# Ĺefties? Can we get a show of hands?



## WhiskyJack1977 (Nov 10, 2016)

Just reading through this forum this morning i raised my eyebrows as to how many leftys are posting. Maybe we should have our own little thread ? 

Also i mentioned in another thread already that as a lefty if you havent yet been to southpawguitars website do yourself a favor a check it out. 

I apologize to the site admin amd mods it isnt a "Canadian" guitar seller but wla store thay caters to a niche market like lefty guitarists i feel it could be deserving of a nod? 

Sent from my SM-G930W8 using Tapatalk


----------



## cboutilier (Jan 12, 2016)

You can, but they'll raise the wrong one.


----------



## WhiskyJack1977 (Nov 10, 2016)

cboutilier said:


> You can, but they'll raise the wrong one.


Haha! indeed.


----------



## Jamdog (Mar 9, 2016)

I am half ambidextrous. 


Does it count?


----------



## WhiskyJack1977 (Nov 10, 2016)

I can't see any reason why not? 

Sent from my SM-G930W8 using Tapatalk


----------



## cboutilier (Jan 12, 2016)

I took a piss with my left hand once. It was one of the most stressful, challenging moments in my life.


----------



## leftysg (Mar 29, 2008)

Ok, a little known fact is that those of us who are lefties are the only ones in our right minds. I wonder if that explains why I play right handed guitars flipped or upside down?


----------



## Jamdog (Mar 9, 2016)

leftysg said:


> Ok, a little known fact is that those of us who are lefties are the only ones in our right minds. I wonder if that explains why I play right handed guitars flipped or upside down?


I tought it was to copy Jimi. 

I am tempted to get a lefty strat for that very reason.


----------



## WhiskyJack1977 (Nov 10, 2016)

leftysg said:


> Ok, a little known fact is that those of us who are lefties are the only ones in our right minds. I wonder if that explains why I play right handed guitars flipped or upside down?
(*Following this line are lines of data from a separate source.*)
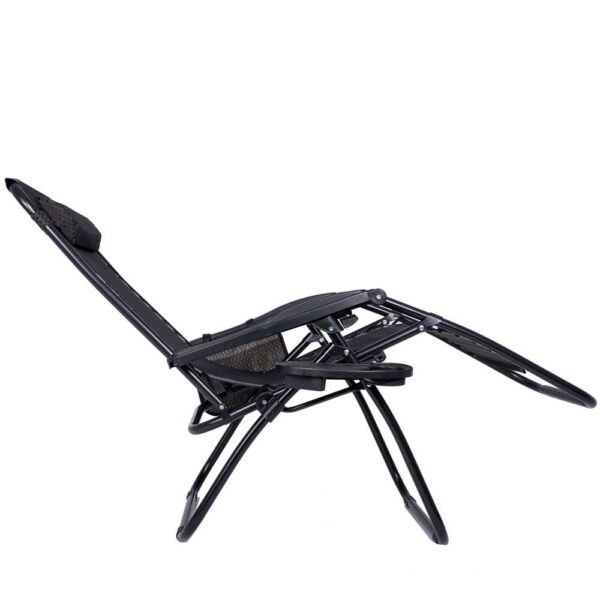 Sezlong scaun pliant plaja sau gradina, Siesta, gravitatie zero, cu tetiera, 175x67x110 cm, maro - Image 21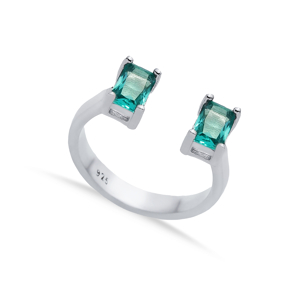Paraiba Rectangle Silver Adjustable Ring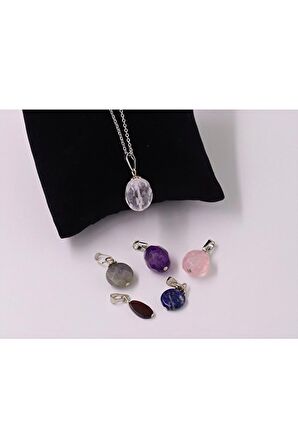 Doğal Taş Kolye Ucu Set 6lı (ametist-pembe Kuvars-kristal Kuvars-labradorit-lapis-kehribar) (oval)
I play the same way ! That is awesome ! 

Sent from my SM-G930W8 using Tapatalk


----------



## sambonee (Dec 20, 2007)

There are lefties here. I'm a Leftie but I play RH guitar!! 

Here's Europe's largest stock of LH guitars.

Venta de guitarras online


----------



## JBFairthorne (Oct 11, 2014)

I'm not sure, but I think there are around 4-6 lefties (guitar wise) here that I'm aware of.


----------



## amagras (Apr 22, 2015)

sambonee said:


> I'm a Leftie but I play RH guitar!!


Me too, I also write in the blackboard with the right hand, never noticed until high school.


----------



## Steadfastly (Nov 14, 2008)

I shoot left in hockey, right in golf but play guitar right-handed. Could I get a guest membership into the lefty club?


----------



## bluebayou (May 25, 2015)

There is also Lefty Fretz Left Handed Guitar | LeftyFretz.com


----------



## WhiskyJack1977 (Nov 10, 2016)

bluebayou said:


> There is also Lefty Fretz Left Handed Guitar | LeftyFretz.com


Wow!!! That is a new one to me!! What a gem of a website!! Thanks for that!


----------



## Guest (Nov 23, 2016)

Came across this kijiji ad for a store in Collingwood.
Lefty Guitars! | guitars | Barrie | Kijiji


----------



## amagras (Apr 22, 2015)

I bet the manager's called Ned.


----------



## WhiskyJack1977 (Nov 10, 2016)

laristotle said:


> Came across this kijiji ad for a store in Collingwood.
> Lefty Guitars! | guitars | Barrie | Kijiji


That is awesome!!! Really nice little collection too. one of just about everything. Nice find.


----------



## dcole (Oct 8, 2008)

Fellow lefty guitar player.


----------



## barryc (Dec 3, 2010)

Another fellow lefty…on the hunt for vintage examples


----------



## TempoGuy (Jun 11, 2021)

I'm a southpaw too! The Leftorium would be a great shop if it were real...


----------